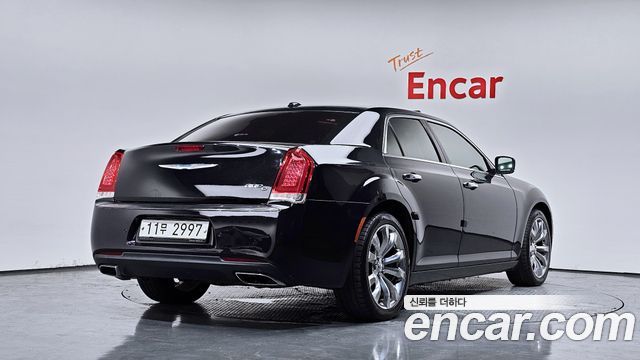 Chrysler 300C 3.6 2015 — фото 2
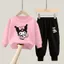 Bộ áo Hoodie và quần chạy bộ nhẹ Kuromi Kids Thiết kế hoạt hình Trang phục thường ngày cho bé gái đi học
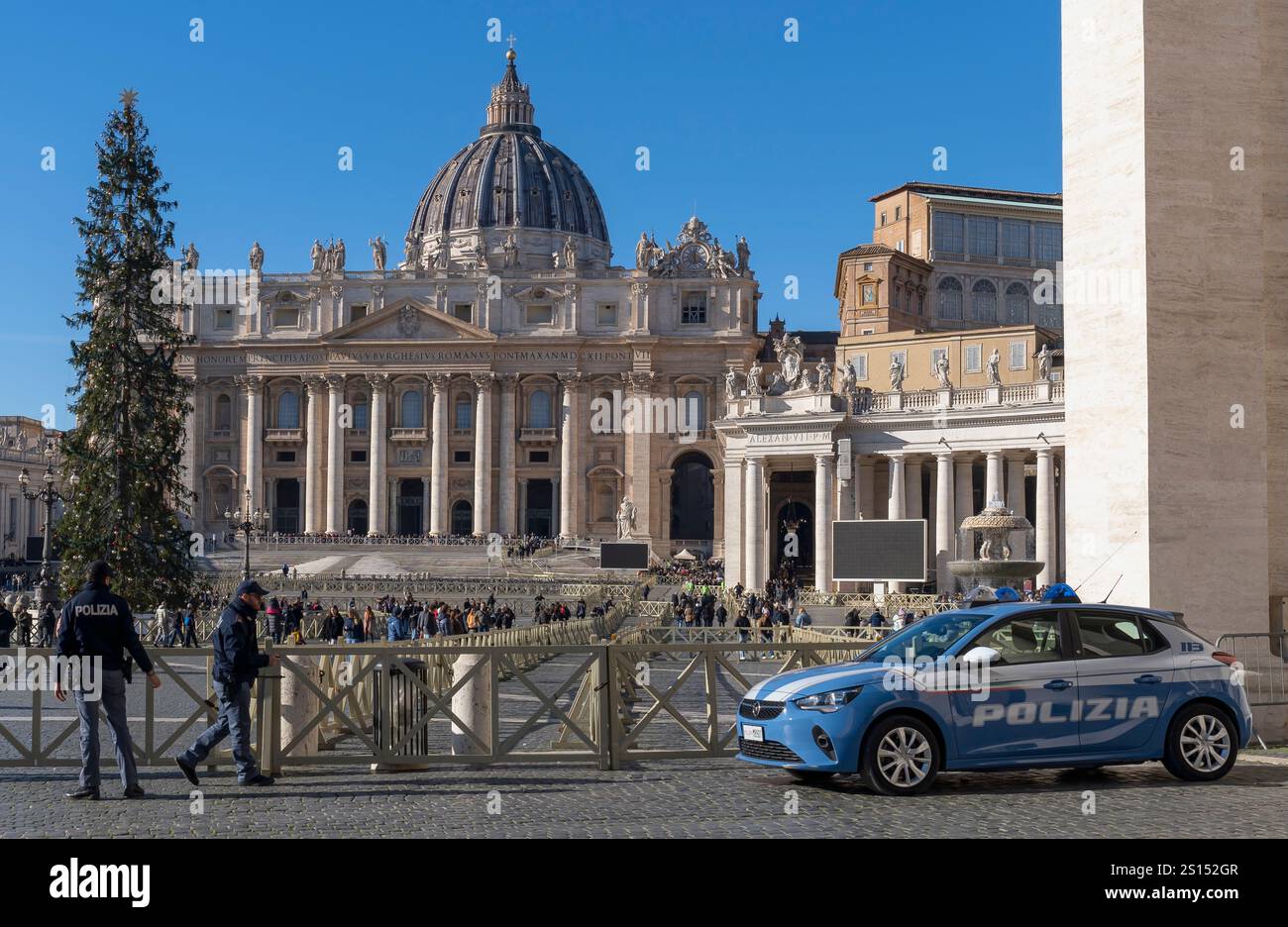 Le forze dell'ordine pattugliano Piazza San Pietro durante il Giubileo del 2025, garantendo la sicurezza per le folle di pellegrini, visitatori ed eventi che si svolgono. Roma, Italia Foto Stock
================
Copy all of the data word for word, and keep the pictures out of it.

Reply to the task.
 Chrysler 300C 3.6 2015 — фото 2
 Bộ áo Hoodie và quần chạy bộ nhẹ Kuromi Kids Thiết kế hoạt hình Trang phục thường ngày cho bé gái đi học
 Le forze dell'ordine pattugliano Piazza San Pietro durante il Giubileo del 2025, garantendo la sicurezza per le folle di pellegrini, visitatori ed eventi che si svolgono. Roma, Italia Foto Stock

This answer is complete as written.